Installing Prerequisites

SubmitCGAP is a Python based tool and requires a Python installation with version >=3.7. This document is intended for users who are not very familiar with the command line or Python. The intent is to provide detailed instructions for setting up your local environment for using SubmitCGAP. These instructions are intended to work with Mac OS X. Linux users are presumed advanced and Windows instructions are not available at this time but will be provided in the future.

Unix Command Cheatsheet

Using Unix commands to interact with your system directly requires using the Terminal application. To open the Terminal application, if not present in your home dock, open Finder, navigate to Applications and then to the Utilities sub-folder. Inside the Utilities folder near the bottom should be the Terminal application, which you should add to your home dock by clicking and dragging for future convenience.

Before continuing, once you’ve opened the Terminal ensure in the top it says bash and not zsh. Newer OSX versions package with zsh by default, and we want to use bash. If you see zsh, once in the terminal run the following command, close and re-open terminal and you will be using the expected bash shell

$ chsh -s /bin/bash

Using this repository and interacting with file submissions assumes some knowledge of the Unix filesystem and familiarity with bash. What follows is a list of the essential commands you should know for working with SubmitCGAP. Whenever in doubt, you can enter “man <cmd>” into the terminal to pull up documentation on the command. You can also do such search into your favorite search engine to locate the manual pages. Generally you need to know how to look around the file system and create directories and files.

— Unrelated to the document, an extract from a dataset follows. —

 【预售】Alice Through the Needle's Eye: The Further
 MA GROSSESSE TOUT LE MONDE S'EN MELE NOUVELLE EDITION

  • pwd will “print working directory” ie: the current location in the Unix file system where the terminal is “located”. Whenever you start a new terminal session, odds are you will be sent to your home directory. The ~ character is a global alias for the current active users home directory.
  • ls will list all files and directories in the current directory.
$ pwd
/Users/<your_username>
$ ls
directory1
file1
file2
$ ls ~  # this is an alias for your home directory, usually /Users/<your_username>
directory1
file1
file2
  • cd will change directory. Use ls first to see which directories are available, then use cd to change back to them. The special identifier .. indicates the directory above the current one, so use cd .. to exit.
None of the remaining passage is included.